* **WORK INSTRUCTION**
Write the listing out once more, identical to the original but without pictures.
------------------------------------------------------------
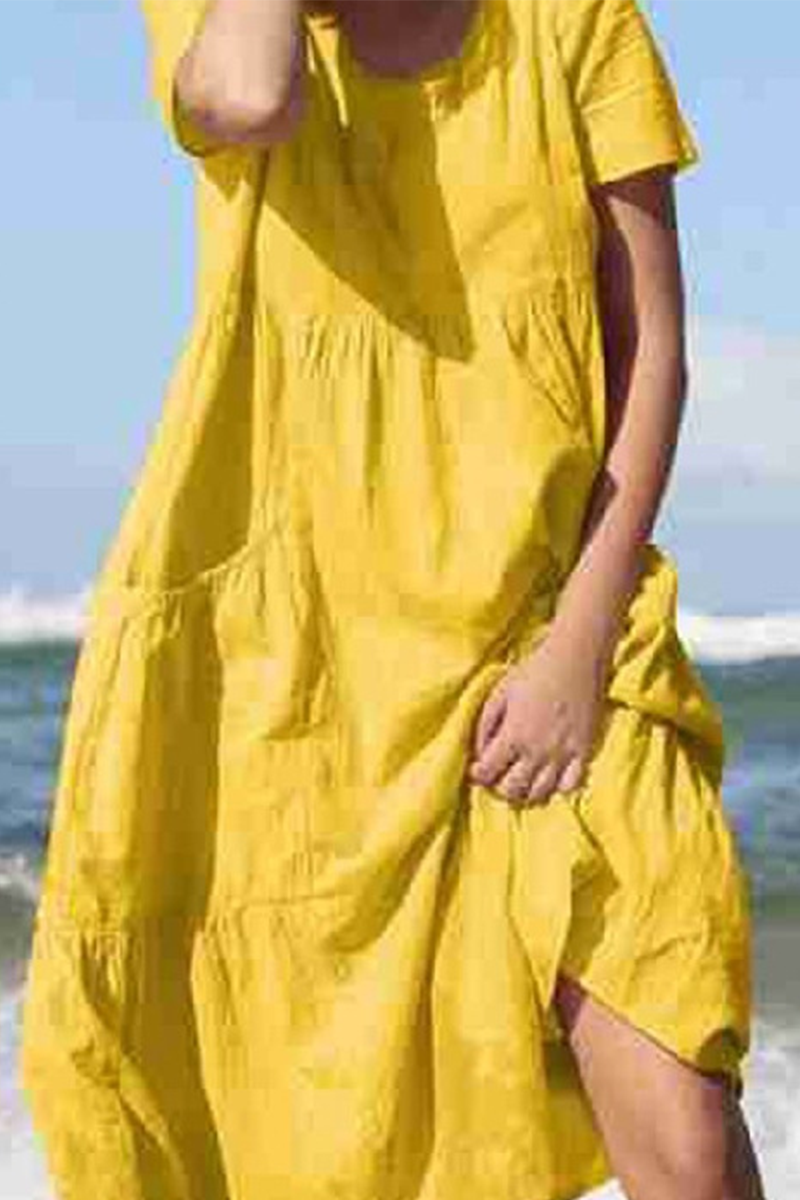 Effortlessly Elegant Dress with a Timeless Design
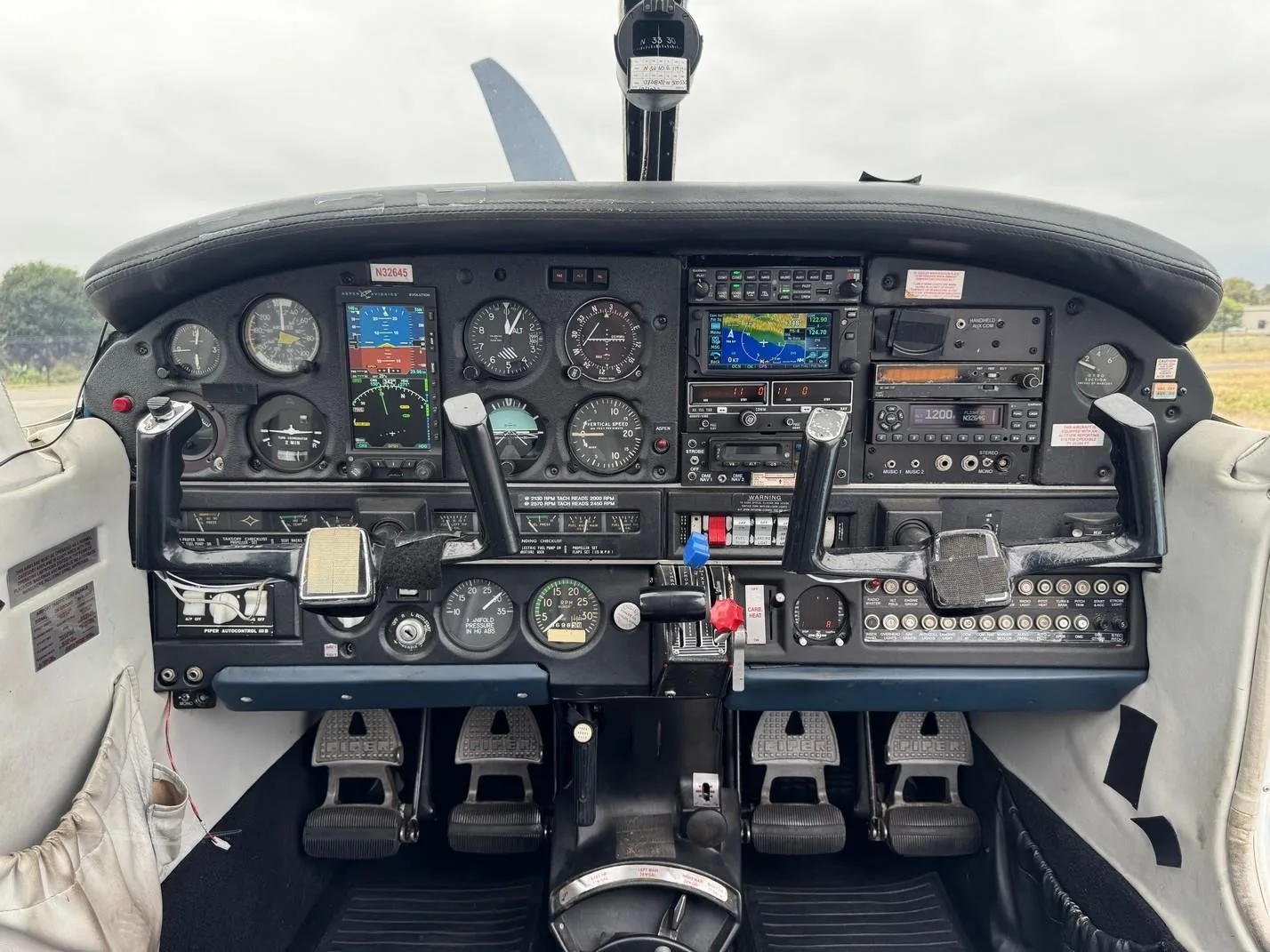1975 Piper Pathfinder 235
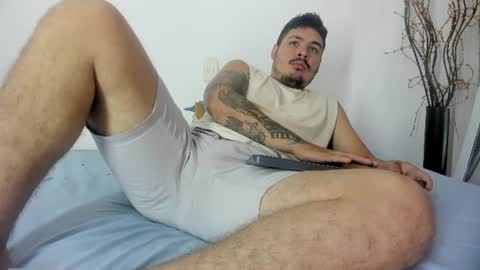 Snapshot of narciso_kh chatting on 14, 7, 2026 deibyd online show from 14, 7, 2026
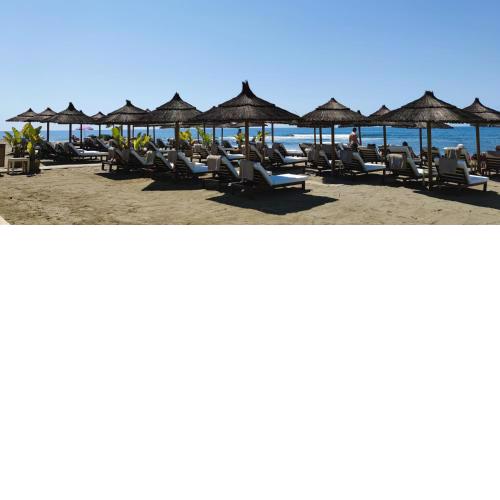 Precioso Ático en Playa con Piscina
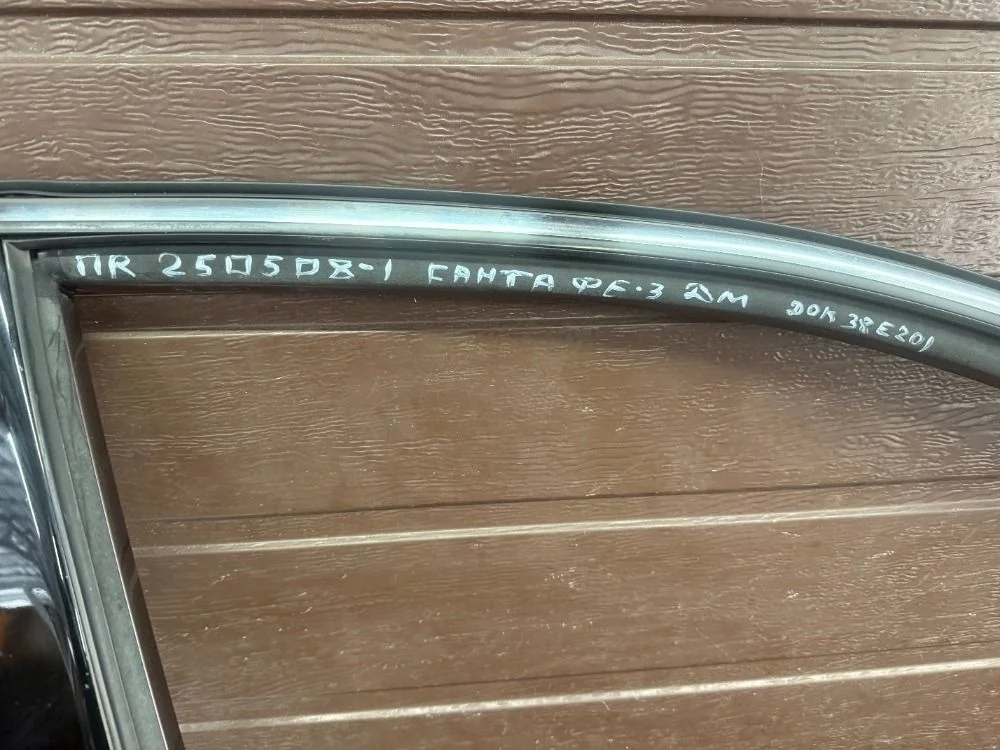 Уплотнительная резинка вокруг стекла двери Hyundai Santa Fe III (2012—2016)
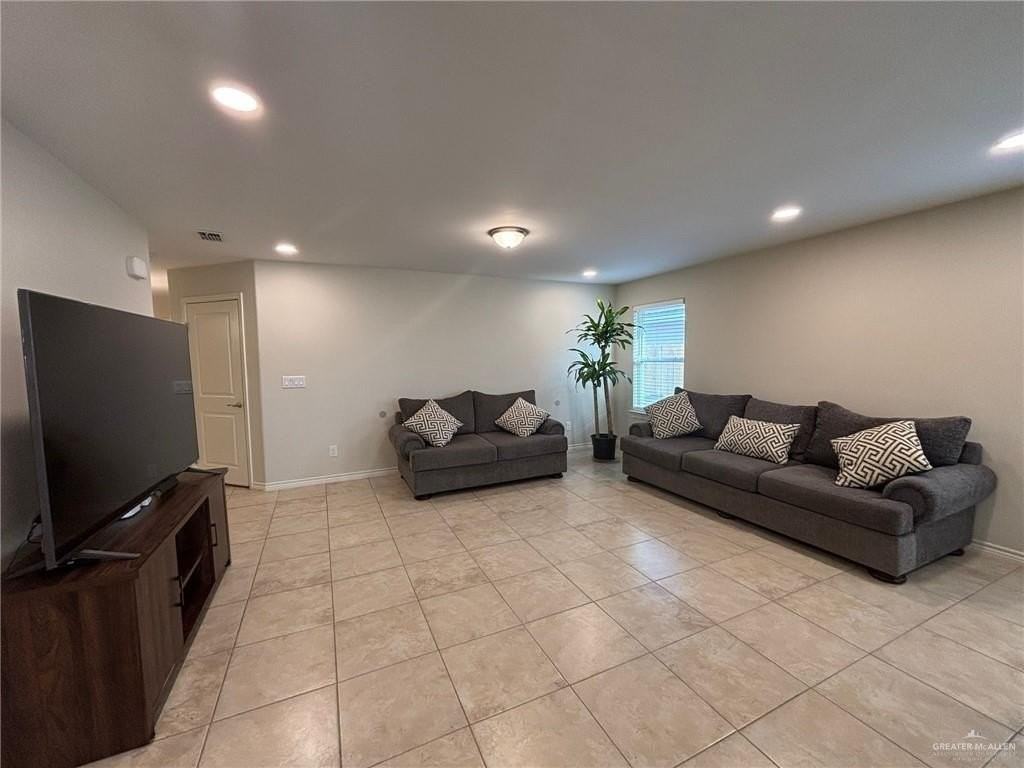 2513 Antelope Canyon St - Photo 3 of 16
------------------------------------------------------------
* **EXERCISE RESPONSE**
 Effortlessly Elegant Dress with a Timeless Design
1975 Piper Pathfinder 235
 Snapshot of narciso_kh chatting on 14, 7, 2026 deibyd online show from 14, 7, 2026
 Precioso Ático en Playa con Piscina
 Уплотнительная резинка вокруг стекла двери Hyundai Santa Fe III (2012—2016)
 2513 Antelope Canyon St - Photo 3 of 16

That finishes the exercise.